Friday, November 8, 2019

After a Year

This morning, it smelled of smoke outside. Another wildfire? I wondered.

It made me shudder on a day like today. Maybe it's just some olfactory manifestation of memory one year on. Maybe just coincidence. Regardless, the memories came back.

A clear blue sky, cloudless. That's how these stories always begin, right? But it's important, because the immaculate, clean, pure sky is such a contrast for what's to come. It's never good. We look back on those pristine moments longingly, wishing with all we are that it could somehow erase the horror that came later.

It was windy. Bright and sunny.
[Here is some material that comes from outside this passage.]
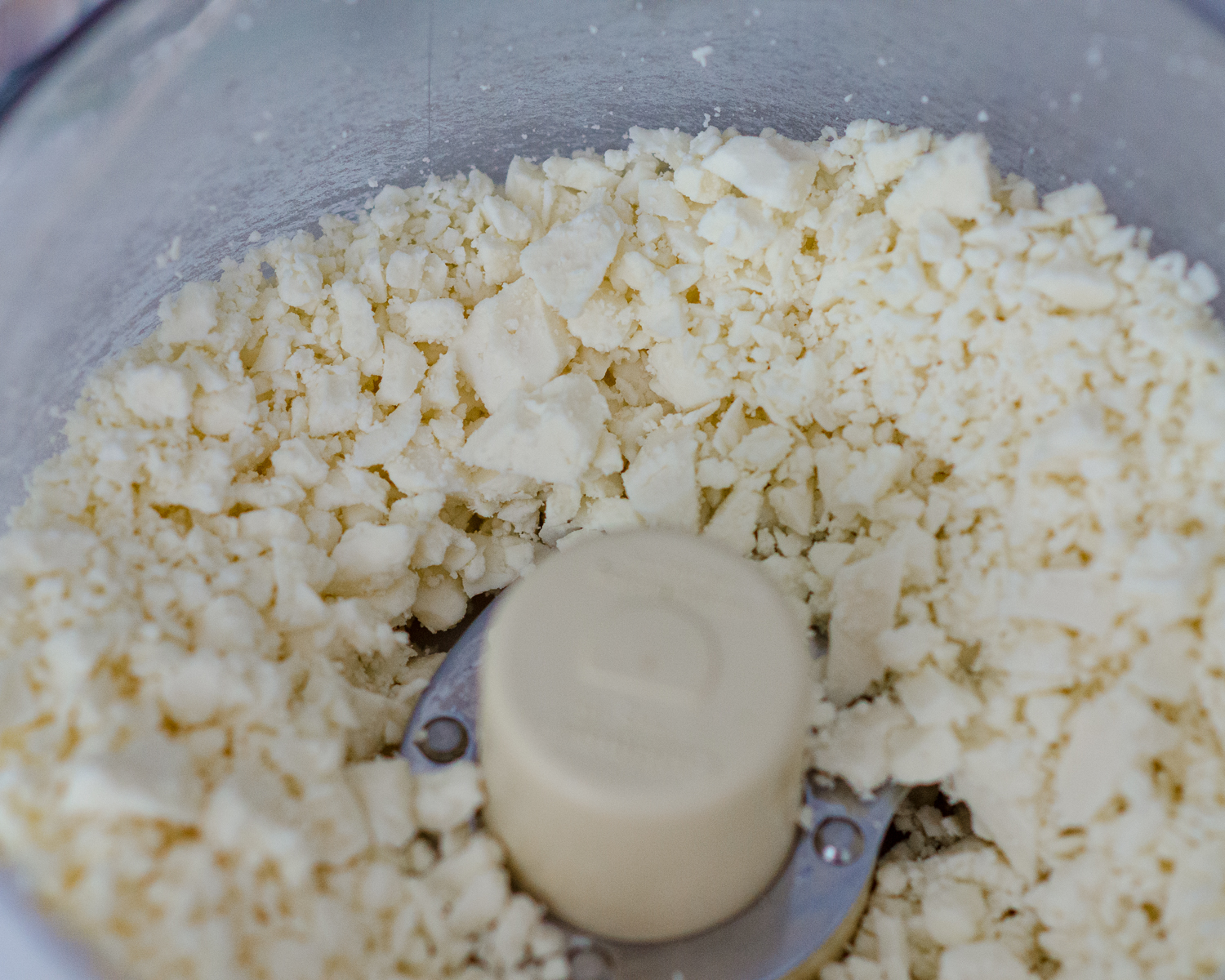 Crumbled feta cheese in the bowl of a food processor.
There's that blue sky again, swept clean of lingering fog and agricultural particulate. As I made my way to the office on some errand during my prep time I noticed a strange cloud. It seemed to originate from the very horizon, like a volcanic plume. It was due north and visible right between the main office building and our gymnasium. That's not right, I thought.

The southern California valley where I grew up, surrounded on all sides by rugged hills covered in waving grasses, dense shrubs, and a scattering of oak trees, as it was, created something of a regular tinderbox. These hills became a Hellscape every fall as the fierce Santa Ana winds whipped the flames into the sky, creating panic and apocalyptic scenes. (And still do today.) Now, I was looking at something familiar, but it took me a moment to recognize the frightening sight. My stomach dropped. I asked a colleague nearby what they thought.

"Just a cloud."

"With the wind, though?" I said. "That's no cloud."

All summer fires had been igniting and threatening all around the northern California valley I now called home. Here was another. Easy to dismiss as just a typical part of California life. I asked around, but no one had heard anything. I finished my task and went out to check again. Indeed, the plume was growing, filling the sky with darkness. I tried a quick search on my phone before returning to class and found a mention of something called the Camp Fire, out near Paradise.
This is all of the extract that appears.